For instance, for a given transformed feature $X'_i$, we divide it by the square-root of the corresponding eigenvalue $\lambda_i$:
$$X'_{\text{whitened}} = \frac{X'_i}{\sqrt{\lambda_i}}.$$The whitening via the PrincipalComponentAnalysis
can be achieved by setting whitening=True
during initialization. Let's demonstrate that with an example.
from sklearn.preprocessing import StandardScaler
from sklearn.model_selection import train_test_split
from mlxtend.data import wine_data
X, y = wine_data()
X_train, X_test, y_train, y_test = train_test_split(X, y, random_state=123, test_size=0.3, stratify=y)
sc = StandardScaler()
pca1 = PrincipalComponentAnalysis(n_components=2)
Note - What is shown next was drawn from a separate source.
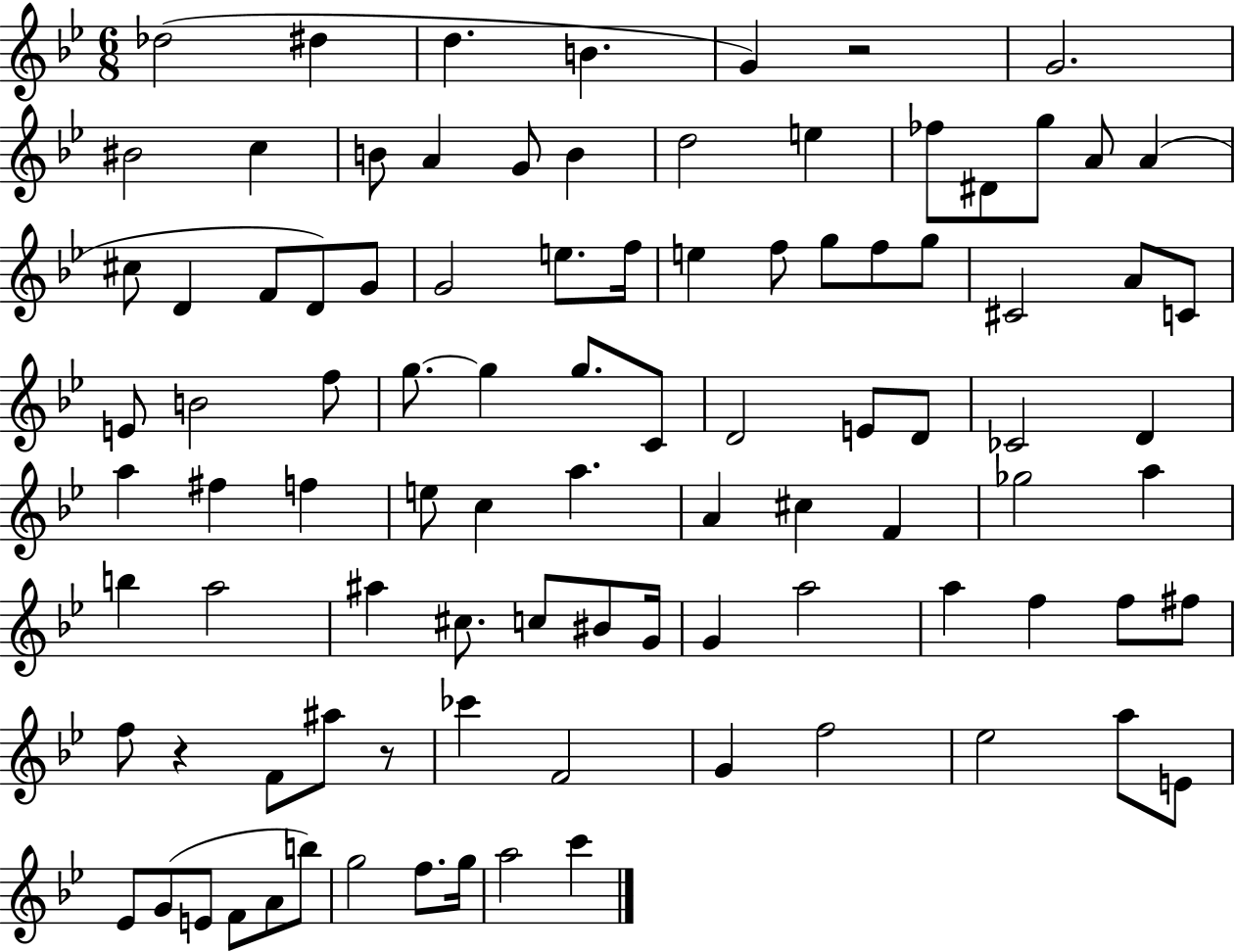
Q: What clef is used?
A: treble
X_train_scaled = sc.fit_transform(X_train)
X_train_transf = pca1.fit(X_train_scaled).transform(X_train_scaled)
with plt.style.context('seaborn-whitegrid'):
plt.figure(figsize=(6, 4))
for lab, col in zip((0, 1, 2),
('blue', 'red', 'green')):
plt.scatter(X_train_transf[y_train==lab, 0],
X_train_transf[y_train==lab, 1],
label=lab,
c=col)
plt.xlabel('Principal Component 1')
plt.ylabel('Principal Component 2')
plt.legend(loc='lower center')
plt.tight_layout()
plt.show()
np.set_printoptions(precision=1, suppress=True)
print('Covariance matrix:\n')
np.cov(X_train_transf.T)
Covariance matrix:
array([[4.9, 0. ], [0. , 2.5]])
As we can see, the features are uncorrelated after transformation but don't have unit variance.
sc = StandardScaler()
pca1 = PrincipalComponentAnalysis(n_components=2, whitening=True)
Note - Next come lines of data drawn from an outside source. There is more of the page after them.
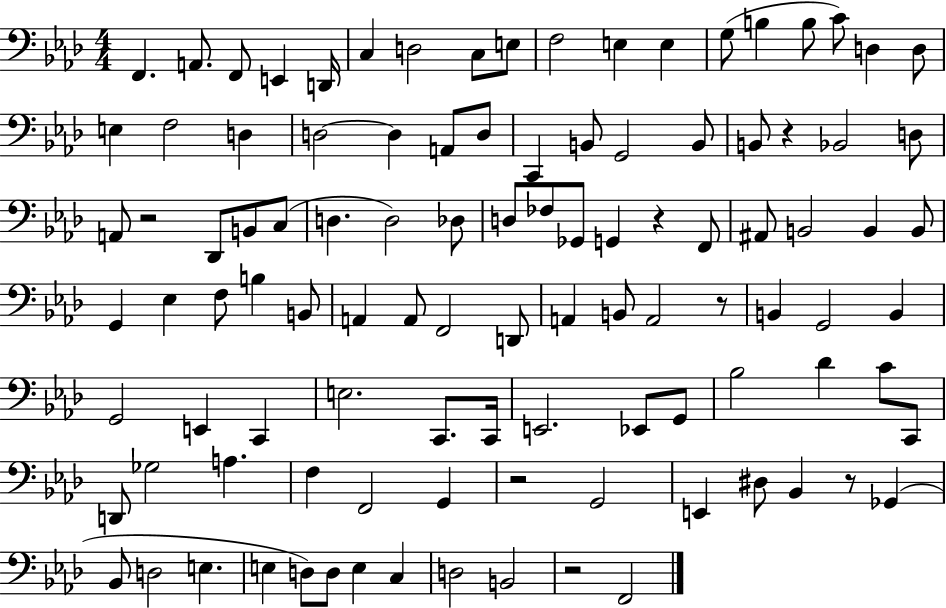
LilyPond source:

{
  \clef bass
  \numericTimeSignature
  \time 4/4
  \key aes \major
  f,4. a,8. f,8 e,4 d,16 | c4 d2 c8 e8 | f2 e4 e4 | g8( b4 b8 c'8) d4 d8 | \break e4 f2 d4 | d2~~ d4 a,8 d8 | c,4 b,8 g,2 b,8 | b,8 r4 bes,2 d8 | \break a,8 r2 des,8 b,8 c8( | d4. d2) des8 | d8 fes8 ges,8 g,4 r4 f,8 | ais,8 b,2 b,4 b,8 | \break g,4 ees4 f8 b4 b,8 | a,4 a,8 f,2 d,8 | a,4 b,8 a,2 r8 | b,4 g,2 b,4 | \break g,2 e,4 c,4 | e2. c,8. c,16 | e,2. ees,8 g,8 | bes2 des'4 c'8 c,8 | \break d,8 ges2 a4. | f4 f,2 g,4 | r2 g,2 | e,4 dis8 bes,4 r8 ges,4( | \break bes,8 d2 e4. | e4 d8) d8 e4 c4 | d2 b,2 | r2 f,2 | \break \bar "|."
}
X_train_scaled = sc.fit_transform(X_train)
X_train_transf = pca1.fit(X_train_scaled).transform(X_train_scaled)
with plt.style.context('seaborn-whitegrid'):
plt.figure(figsize=(6, 4))
for lab, col in zip((0, 1, 2),
('blue', 'red', 'green')):
plt.scatter(X_train_transf[y_train==lab, 0],
X_train_transf[y_train==lab, 1],
label=lab,
c=col)
plt.xlabel('Principal Component 1')
plt.ylabel('Principal Component 2')
plt.legend(loc='lower center')
plt.tight_layout()
plt.show()
np.set_printoptions(precision=1, suppress=True)
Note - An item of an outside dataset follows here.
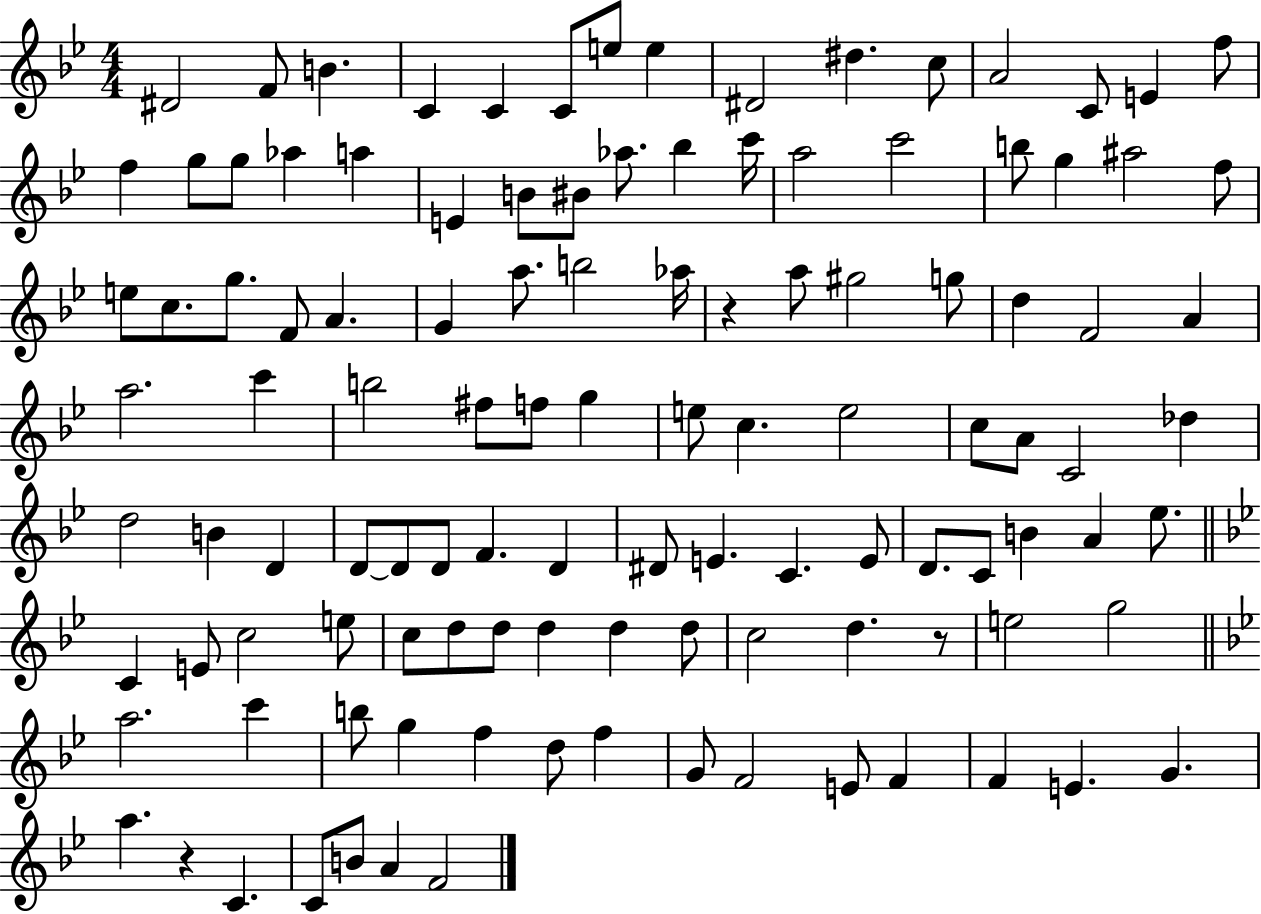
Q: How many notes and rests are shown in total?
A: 114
print('Covariance matrix:\n')
np.cov(X_train_transf.T)
Covariance matrix:
array([[1., 0.], [0., 1.]])
As we can see above, the whitening achieves that all features now have unit variance. I.e., the covariance matrix of the transformed features becomes the identity matrix.
with open('../../api_modules/mlxtend.feature_extraction/PrincipalComponentAnalysis.md', 'r') as f:
s = f.read()
print(s)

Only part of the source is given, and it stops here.